Little Women (1994) The Winona Ryder
                    A review by Corinne H. Smith
     One of the major film interpretations of the semi-autobiographical American novel written by Louisa May Alcott. Known to fans as “the Winona Ryder,” because she is the actress who portrays Jo(sephine) March, the main character. Quite a number of Alcott fans point to this version as being their favorite. I can admit that it has its good points.




     This is the story of the four March sisters – Meg (Trini Alvarado), Jo (Winona Ryder), Beth (Claire Danes), and Amy (Kirsten Dunst and Samantha Mathis). We see what draws them together and what pushes them apart. We witness their special devotion to their mother, whom they call Marmee (Susan Sarandon). The story is set mostly in Concord, Massachusetts, in the early 1860s; and the main action centers around the most independent girl, second daughter Jo. Their father, Mr. March (Matthew Walker), is at first away from home and is involved in the war effort. The Marches were once well off but now have to make do with what they have. Every once in a while, they get a visit from their stodgy but rich relative, Aunt March (Mary Wickes), who dishes out a lot of judgment; but who also, reluctantly, doles out a few dollars to keep the household running. And then there’s the boy next door, known as Laurie (Christian Bale), who lives with his wealthy grandfather, Mr. Laurence (John Neville). They both become good friends of the March family. Jo and Laurie hit it off right away. Will their friendship become something stronger? Watch and find out. As the film rolls along, we see four young girls (who in theory start out at 16, 15, 13, and 12 years old) indeed turn into little women.

     Although this production was filmed in British Columbia, its set designer, Jan Rolfs, created a good replica of the real-life Alcott home, Orchard House, for the Marches to live in. Historic Deerfield, Massachusetts, was a town stand-in for Concord. The rest of the landscape is not quite New England-like, and the trees are wrong, but they’re not terribly out of place. I quite like the original music score by Thomas Newman. The main theme can be majestic at times and can then soften to mellowness when it has to. It fits the story perfectly.

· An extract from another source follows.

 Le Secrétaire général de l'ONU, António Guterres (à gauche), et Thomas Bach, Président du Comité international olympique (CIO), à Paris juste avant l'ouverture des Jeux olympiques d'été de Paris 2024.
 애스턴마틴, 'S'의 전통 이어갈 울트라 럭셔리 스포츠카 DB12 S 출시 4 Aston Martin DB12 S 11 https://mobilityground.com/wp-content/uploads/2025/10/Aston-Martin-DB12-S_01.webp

     The casting is pretty darned good. Winona Ryder makes a wonderful Jo, and a merrier one than most. She probably has higher highs than any of the actresses who have worked in this role. Trini Alvarado and Claire Danes portray Meg and Beth very well. Kirsten Dunst is a suitably bratty young Amy. Christian Bale is a nice choice for Laurie. He shows emotion when he should, and he also grows up noticeably over the course of the film. Mary Wickes has always been one of my favorite actresses, ever since I first saw her in White Christmas; and I can think of no better person to take on the role of a rich, quirky, and demanding great aunt. Irish actor Gabriel Byrne plays a decent Professor Bhaer, complete with the requisite German accent. Susan Sarandon is an interesting Marmee. She plays the girls’ mother as an outspoken feminist of her time. It’s almost as if Susan is told to play the part this way because of who she is in person. Her character goes beyond how Marmee appears in the book. And yet, this portrayal works, especially for a 20th or 21st-century audience.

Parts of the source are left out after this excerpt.